At the same time, we now live in a largely, and increasingly, urban world; by 2050, nearly two-thirds of the world’s population will reside in urban zones. But as cities expand, they run the risk of losing habitats rich in biodiversity as well as the ecosystem services provided by these natural environments. Such ecosystem services, which are often taken for granted and extremely costly to replace when lost, include the provision of freshwater catchment areas; protection from floods, storms and erosion; carbon capture and storage; and climate and pollution control.
“Cities, far from being barren concrete jungles, are emerging as havens for many species of plants and animals, which have learnt to survive in built-up environments or thrive in urban parks, gardens and other green lungs.”
The value of biodiversity
The ecosystem services provided by biodiversity affect us in very direct ways. Forests and wetlands supply the oxygen we breathe and absorb the carbon dioxide that would other contribute to climate change. Bees, birds and butterflies perform essential pollination services for many crops; when their habitats are destroyed, the ecosystem services provided by these creatures are also threatened and may be very costly, if not impossible, to replace.
In addition, natural habitats and their biodiversity are increasingly seen as vital components of liveable cities. They provide spaces for recreation and help to restore physical and mental health. Urban parks and forests also contribute to a sense of belonging and well-being, by offering what Timothy Beatley, Teresa Heinz Professor of Sustainable Communities at the University of Virginia, USA, calls “opportunities to experience awe and wonder”. In Japan, for instance, city folk have embraced the practice of shinrin-yoku or ‘forest-bathing’, by regularly walking through lush forests in order to lower their stress levels and recharge their spirits.
Steffen Lehmann, Professor and Head of the School of Architecture at the School of Built Environment at Australia’s Curtin University, also sees a strong link between investing in nature and greater liveability. “Urban greenery” he states, “has benefits such as increased wellness, growing bird populations and providing the ageing population with new meeting places.”
Preserving biodiversity also makes good economic and business sense. Professor Beatley offers the example of Austin, capital of Texas in USA, where the city’s main bridge inadvertently became a roost for some 1.5 million bats after it was built in 1980. People were initially worried about health and thought of eradicating the colony. But after working with an environmental group called Bat Conservation International, Austin has become ‘bats’ over the animals. “Not only did they not eradicate the bats, they are celebrating them,” explains Professor Beatley, who points out that the bats now generate millions of tourism dollars as people from all over the country flock to the bridge every evening to see the spectacular flight of the bats, which also perform the added service of consuming agricultural pests. “There are even bat-watching cruises on the river,” he adds.
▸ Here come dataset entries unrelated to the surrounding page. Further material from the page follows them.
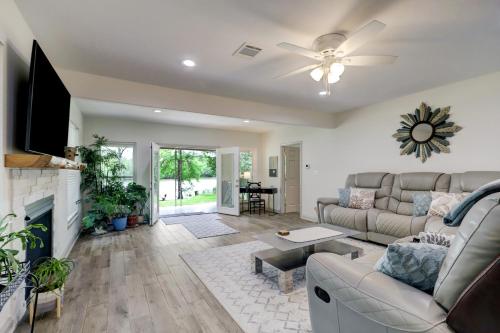 a living room with a couch and a fireplace at Kingwood Cottage - 10 mins from IAH - Lake Front in Humble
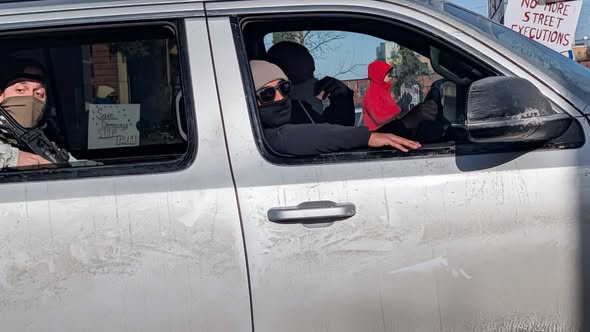 Masked ICE agents, one showing a gun, ride through a protest in a large gray vehicle.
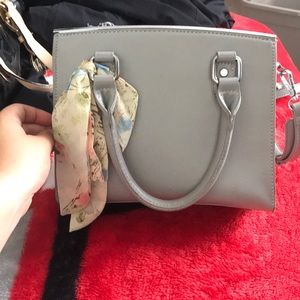 A grey cross body bag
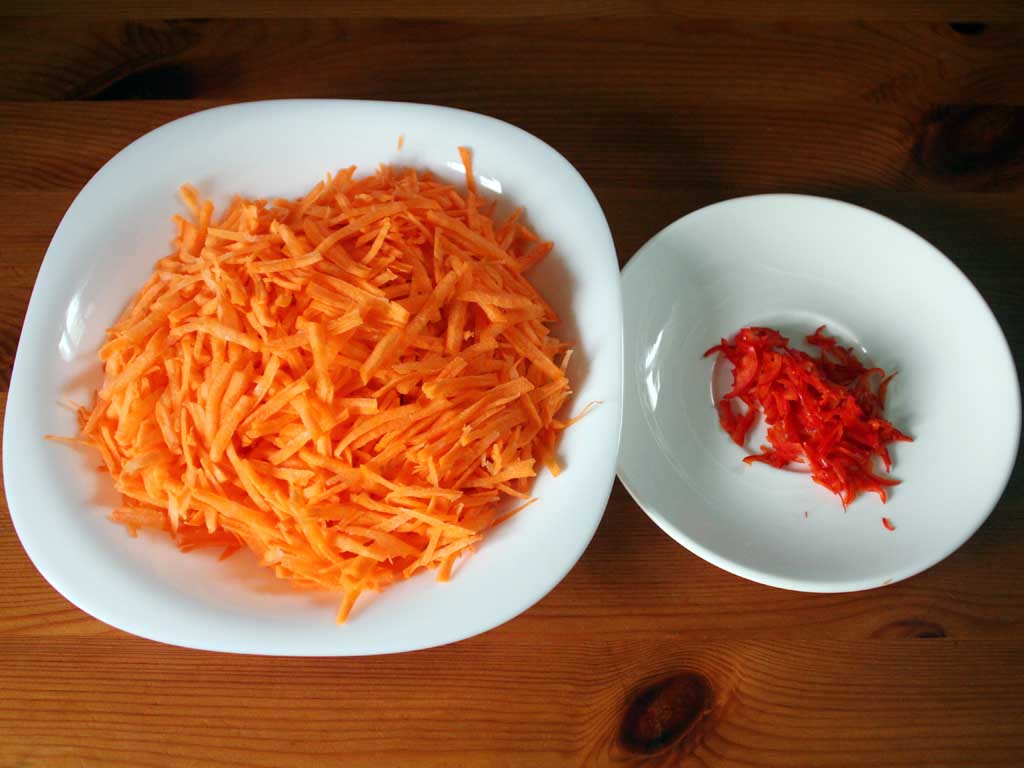 Натертая морковь и мелко порезанный красный острый перец.
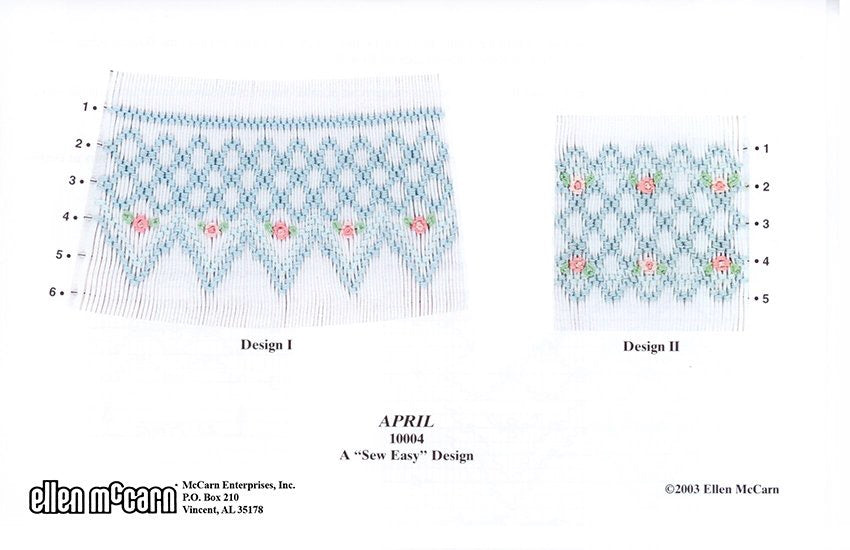 smocking in blues and light and medium pink accented with green leaves on white pleated fabric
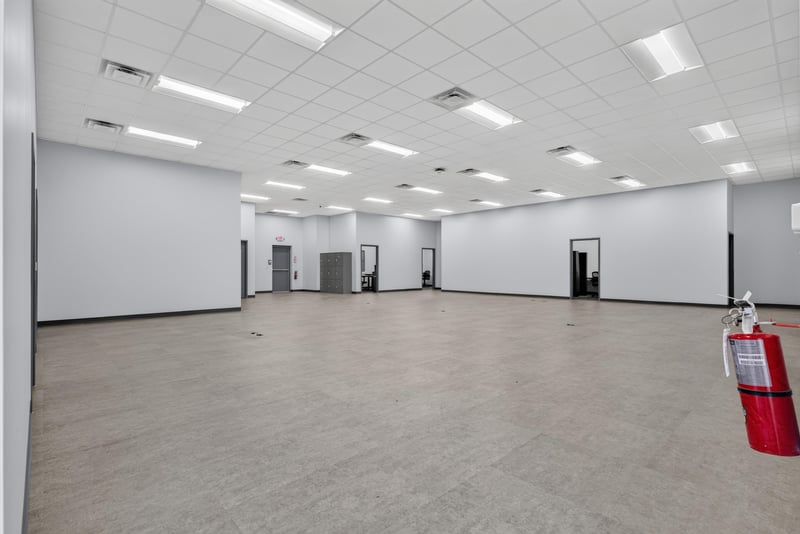 Empty open floor space with fire extinguisher station at 7240 Golden Wings Rd building 100, Jacksonville, FL 32244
Bat-watching in Austin, Texas, USA
The challenge of preserving green spaces and their associated ecosystem services is compounded in many cities in developing regions, however. According to Professor Lehmann, who served as UNESCO’s Chair for Sustainable Urban Development for Asia and the Pacific from 2008-2010, “The track record for the preservation of substantial tracts of greenery and natural habitats in these cities has mostly been very poor or appalling.” One reason for this is that these cities are already struggling with long-term planning in general and the provision of basic needs such as infrastructure, transport and housing.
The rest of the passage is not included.